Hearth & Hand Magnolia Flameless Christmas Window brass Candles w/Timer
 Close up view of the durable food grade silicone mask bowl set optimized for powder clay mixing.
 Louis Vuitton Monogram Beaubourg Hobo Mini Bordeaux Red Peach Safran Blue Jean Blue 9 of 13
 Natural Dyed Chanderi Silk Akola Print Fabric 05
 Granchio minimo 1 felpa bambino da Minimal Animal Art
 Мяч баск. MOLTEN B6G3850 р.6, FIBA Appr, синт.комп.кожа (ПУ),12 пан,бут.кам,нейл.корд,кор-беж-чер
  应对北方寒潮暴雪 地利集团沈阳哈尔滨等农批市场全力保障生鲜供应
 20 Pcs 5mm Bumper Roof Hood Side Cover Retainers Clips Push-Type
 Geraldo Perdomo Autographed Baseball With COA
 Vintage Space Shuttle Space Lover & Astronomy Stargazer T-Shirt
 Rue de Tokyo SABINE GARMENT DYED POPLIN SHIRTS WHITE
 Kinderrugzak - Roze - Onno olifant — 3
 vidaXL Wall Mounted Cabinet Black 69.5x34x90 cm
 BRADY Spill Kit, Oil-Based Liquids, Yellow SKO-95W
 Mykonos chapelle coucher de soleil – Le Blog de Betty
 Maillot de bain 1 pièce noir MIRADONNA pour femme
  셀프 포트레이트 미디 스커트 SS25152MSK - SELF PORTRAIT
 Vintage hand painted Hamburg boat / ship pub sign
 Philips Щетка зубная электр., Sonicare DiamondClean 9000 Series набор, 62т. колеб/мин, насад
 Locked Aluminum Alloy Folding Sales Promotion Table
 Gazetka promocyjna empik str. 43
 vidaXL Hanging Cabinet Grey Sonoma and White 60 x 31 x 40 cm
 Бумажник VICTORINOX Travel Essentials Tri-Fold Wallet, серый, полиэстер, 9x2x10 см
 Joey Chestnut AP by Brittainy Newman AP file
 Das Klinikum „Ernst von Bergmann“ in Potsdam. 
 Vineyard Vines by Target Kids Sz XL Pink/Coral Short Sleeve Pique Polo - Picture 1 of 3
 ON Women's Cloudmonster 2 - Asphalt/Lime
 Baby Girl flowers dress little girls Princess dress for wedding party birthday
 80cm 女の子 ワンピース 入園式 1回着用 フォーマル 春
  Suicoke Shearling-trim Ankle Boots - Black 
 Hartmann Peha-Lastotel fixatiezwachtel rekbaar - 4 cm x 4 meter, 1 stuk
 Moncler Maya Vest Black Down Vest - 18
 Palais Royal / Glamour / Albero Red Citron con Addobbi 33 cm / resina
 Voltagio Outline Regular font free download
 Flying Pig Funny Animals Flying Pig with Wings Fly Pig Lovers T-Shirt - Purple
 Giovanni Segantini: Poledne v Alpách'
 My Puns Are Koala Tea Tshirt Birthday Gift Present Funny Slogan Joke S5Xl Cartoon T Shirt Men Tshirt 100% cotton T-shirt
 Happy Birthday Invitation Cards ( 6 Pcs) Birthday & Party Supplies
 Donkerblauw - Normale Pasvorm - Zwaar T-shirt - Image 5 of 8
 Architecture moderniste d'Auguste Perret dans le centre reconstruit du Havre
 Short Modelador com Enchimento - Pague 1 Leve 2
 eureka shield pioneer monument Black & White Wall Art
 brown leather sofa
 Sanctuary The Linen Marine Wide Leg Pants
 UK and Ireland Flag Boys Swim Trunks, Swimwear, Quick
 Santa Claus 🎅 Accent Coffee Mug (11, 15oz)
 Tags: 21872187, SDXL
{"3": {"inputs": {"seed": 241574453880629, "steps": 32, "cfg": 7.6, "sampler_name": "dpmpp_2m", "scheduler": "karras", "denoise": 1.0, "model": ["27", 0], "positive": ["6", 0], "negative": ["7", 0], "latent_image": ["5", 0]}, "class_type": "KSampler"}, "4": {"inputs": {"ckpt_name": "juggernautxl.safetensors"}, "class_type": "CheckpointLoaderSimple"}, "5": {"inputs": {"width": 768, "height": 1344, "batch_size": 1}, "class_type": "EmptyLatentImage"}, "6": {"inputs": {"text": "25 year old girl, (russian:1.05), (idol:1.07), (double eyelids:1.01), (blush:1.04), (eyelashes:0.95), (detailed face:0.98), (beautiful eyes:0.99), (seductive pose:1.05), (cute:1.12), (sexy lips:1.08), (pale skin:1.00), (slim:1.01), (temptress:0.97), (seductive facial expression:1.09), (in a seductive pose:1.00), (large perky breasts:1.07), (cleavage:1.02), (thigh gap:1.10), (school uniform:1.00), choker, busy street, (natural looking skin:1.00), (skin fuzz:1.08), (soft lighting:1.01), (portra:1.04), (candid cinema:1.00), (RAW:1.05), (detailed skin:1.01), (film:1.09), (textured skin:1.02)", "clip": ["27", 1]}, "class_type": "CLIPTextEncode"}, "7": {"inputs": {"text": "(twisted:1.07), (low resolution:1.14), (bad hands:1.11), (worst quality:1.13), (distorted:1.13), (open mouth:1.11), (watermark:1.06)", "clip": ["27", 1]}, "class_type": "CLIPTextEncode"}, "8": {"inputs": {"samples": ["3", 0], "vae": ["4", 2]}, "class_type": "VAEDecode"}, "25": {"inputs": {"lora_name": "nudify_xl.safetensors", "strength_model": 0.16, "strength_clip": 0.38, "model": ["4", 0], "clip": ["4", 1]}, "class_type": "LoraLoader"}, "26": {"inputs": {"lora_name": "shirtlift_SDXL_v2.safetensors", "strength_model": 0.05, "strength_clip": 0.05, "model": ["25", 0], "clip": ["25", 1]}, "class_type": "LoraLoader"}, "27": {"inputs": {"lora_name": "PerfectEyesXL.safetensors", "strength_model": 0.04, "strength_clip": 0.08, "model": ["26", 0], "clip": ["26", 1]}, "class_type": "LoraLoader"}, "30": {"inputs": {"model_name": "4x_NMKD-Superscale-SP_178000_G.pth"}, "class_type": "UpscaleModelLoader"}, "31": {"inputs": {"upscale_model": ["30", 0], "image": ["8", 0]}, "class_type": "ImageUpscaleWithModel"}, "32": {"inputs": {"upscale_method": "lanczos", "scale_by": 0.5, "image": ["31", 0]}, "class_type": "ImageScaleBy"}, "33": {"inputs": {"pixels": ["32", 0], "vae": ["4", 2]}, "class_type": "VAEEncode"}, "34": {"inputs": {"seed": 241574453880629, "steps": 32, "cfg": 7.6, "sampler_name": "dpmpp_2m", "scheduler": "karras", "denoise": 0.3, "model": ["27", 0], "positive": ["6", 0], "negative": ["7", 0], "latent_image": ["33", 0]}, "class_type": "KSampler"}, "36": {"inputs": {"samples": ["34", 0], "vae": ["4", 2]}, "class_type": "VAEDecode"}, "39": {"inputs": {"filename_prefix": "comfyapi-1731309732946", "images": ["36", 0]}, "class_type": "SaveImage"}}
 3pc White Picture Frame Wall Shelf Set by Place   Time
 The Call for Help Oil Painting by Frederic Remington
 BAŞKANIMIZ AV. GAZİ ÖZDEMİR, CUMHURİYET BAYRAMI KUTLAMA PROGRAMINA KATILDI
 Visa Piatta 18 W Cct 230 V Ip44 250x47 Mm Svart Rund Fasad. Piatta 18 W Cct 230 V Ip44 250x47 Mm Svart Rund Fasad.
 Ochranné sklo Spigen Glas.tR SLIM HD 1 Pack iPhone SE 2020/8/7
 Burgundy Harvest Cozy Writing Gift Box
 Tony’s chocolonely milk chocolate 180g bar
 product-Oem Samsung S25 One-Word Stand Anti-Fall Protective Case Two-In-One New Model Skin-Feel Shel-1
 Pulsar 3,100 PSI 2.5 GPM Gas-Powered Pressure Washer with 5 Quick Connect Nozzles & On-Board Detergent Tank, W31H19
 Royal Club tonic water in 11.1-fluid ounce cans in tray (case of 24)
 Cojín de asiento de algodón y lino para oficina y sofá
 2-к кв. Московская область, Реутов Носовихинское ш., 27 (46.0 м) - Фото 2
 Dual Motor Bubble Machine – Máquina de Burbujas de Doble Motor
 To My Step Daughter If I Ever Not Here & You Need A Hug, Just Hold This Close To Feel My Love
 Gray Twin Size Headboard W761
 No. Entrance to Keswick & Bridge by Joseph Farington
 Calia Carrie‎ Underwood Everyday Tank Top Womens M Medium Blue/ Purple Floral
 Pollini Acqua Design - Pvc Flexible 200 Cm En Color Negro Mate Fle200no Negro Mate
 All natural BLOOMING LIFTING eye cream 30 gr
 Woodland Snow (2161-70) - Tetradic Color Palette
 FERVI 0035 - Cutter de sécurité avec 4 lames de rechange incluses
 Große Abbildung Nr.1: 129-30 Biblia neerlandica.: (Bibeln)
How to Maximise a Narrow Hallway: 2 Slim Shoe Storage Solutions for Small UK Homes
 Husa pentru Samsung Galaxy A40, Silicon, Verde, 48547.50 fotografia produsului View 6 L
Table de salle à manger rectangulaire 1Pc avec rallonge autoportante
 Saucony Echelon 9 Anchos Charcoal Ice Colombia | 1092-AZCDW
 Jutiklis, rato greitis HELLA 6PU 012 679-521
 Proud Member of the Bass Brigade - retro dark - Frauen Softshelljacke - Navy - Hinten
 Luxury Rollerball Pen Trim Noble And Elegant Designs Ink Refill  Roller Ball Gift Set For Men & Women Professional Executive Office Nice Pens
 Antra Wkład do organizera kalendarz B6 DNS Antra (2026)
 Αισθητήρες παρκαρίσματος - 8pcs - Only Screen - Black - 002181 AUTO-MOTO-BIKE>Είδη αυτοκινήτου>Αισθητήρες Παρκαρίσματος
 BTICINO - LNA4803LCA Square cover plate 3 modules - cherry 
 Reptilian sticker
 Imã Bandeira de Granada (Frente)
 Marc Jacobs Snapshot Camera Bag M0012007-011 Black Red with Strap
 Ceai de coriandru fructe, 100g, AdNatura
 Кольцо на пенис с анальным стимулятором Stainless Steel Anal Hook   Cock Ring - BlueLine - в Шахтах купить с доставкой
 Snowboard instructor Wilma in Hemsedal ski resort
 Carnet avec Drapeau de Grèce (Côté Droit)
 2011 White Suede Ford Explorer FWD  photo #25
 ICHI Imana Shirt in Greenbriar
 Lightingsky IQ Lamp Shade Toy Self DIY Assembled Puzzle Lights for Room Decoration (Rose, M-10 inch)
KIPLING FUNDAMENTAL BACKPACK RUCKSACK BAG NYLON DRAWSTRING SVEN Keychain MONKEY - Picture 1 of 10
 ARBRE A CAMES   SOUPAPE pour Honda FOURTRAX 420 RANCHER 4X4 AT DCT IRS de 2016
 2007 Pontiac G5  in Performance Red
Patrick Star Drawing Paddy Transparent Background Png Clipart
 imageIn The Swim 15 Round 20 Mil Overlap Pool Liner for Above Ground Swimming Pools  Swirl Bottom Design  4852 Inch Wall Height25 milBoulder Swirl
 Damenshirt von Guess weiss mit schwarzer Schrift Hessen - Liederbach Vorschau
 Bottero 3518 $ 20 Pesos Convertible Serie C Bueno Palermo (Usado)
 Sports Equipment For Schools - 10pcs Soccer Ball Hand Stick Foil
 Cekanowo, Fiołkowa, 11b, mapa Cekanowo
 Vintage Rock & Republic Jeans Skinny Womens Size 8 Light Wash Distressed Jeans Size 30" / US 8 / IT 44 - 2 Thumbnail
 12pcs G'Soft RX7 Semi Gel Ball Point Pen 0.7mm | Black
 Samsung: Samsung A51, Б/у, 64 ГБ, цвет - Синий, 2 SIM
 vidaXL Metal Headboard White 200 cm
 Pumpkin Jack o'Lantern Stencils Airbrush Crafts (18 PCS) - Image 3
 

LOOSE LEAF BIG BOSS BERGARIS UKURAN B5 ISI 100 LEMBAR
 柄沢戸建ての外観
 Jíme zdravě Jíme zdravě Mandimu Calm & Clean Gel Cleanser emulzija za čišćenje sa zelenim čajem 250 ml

____

▸ **WORK ORDER**
Each line from the beginning of the listing up to the line where "Kinderrugzak - Roze - Onno olifant — 3" appears needs to be given again exactly; please add nothing else.

▸ **RESULT OF THE TASK**
Hearth & Hand Magnolia Flameless Christmas Window brass Candles w/Timer
 Close up view of the durable food grade silicone mask bowl set optimized for powder clay mixing.
 Louis Vuitton Monogram Beaubourg Hobo Mini Bordeaux Red Peach Safran Blue Jean Blue 9 of 13
 Natural Dyed Chanderi Silk Akola Print Fabric 05
 Granchio minimo 1 felpa bambino da Minimal Animal Art
 Мяч баск. MOLTEN B6G3850 р.6, FIBA Appr, синт.комп.кожа (ПУ),12 пан,бут.кам,нейл.корд,кор-беж-чер
  应对北方寒潮暴雪 地利集团沈阳哈尔滨等农批市场全力保障生鲜供应
 20 Pcs 5mm Bumper Roof Hood Side Cover Retainers Clips Push-Type
 Geraldo Perdomo Autographed Baseball With COA
 Vintage Space Shuttle Space Lover & Astronomy Stargazer T-Shirt
 Rue de Tokyo SABINE GARMENT DYED POPLIN SHIRTS WHITE
 Kinderrugzak - Roze - Onno olifant — 3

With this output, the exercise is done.